He added: “On election night, Broward County said there were 634,000 votes cast. At 1 a.m. today, there were 695,700 ballots cast on election day. At 2:30 p.m. today, the number was up to 707,223 ballots cast on Election Day. And we just learned, that the number has increased to 712,840 ballots cast on Election Day. In Palm Beach County, there are 15,000 new votes found since election night.”

Democratic governor hopeful Andrew Gillum also tried to force the manual recount amid the initial election loss to Republican Ron DeSantis. While Gillum is continuing his advocacy to count every vote, the governor's race won’t have a manual recount because DeSantis is holding a 33,683-vote lead, a margin of 0.41 percent, and therefore the race doesn’t qualify for a manual recount.

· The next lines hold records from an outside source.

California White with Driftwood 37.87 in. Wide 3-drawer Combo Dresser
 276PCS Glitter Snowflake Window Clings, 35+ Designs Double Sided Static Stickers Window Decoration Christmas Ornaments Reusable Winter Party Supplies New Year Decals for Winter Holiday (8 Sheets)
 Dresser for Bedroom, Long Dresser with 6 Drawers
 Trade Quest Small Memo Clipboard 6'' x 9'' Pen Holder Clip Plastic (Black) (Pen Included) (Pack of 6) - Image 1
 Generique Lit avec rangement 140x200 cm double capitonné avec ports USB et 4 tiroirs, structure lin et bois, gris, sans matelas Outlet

Recounts also come at a cost to the taxpayers, with some races in the past costing more than $1 million to the treasury.

The Pew Charitable Trusts, an independent aimed at improving public policy, found in 2010 that the 2004 gubernatorial recount cost nearly $1.12 million, while the Minnesota Senate race came at a cost of $460,000, with around 15 cents per ballot.

It remains unclear how much the recount in Florida will cost. In 2000, Citizens Against Government Waste released a report that estimated the costs associated with the state’s recount efforts.

The group estimated Palm Beach County blew through $25,000 a day and projected the 2000 recount cost in Broward, Miami-Dade and Palm Beach counties to be more than $2 million.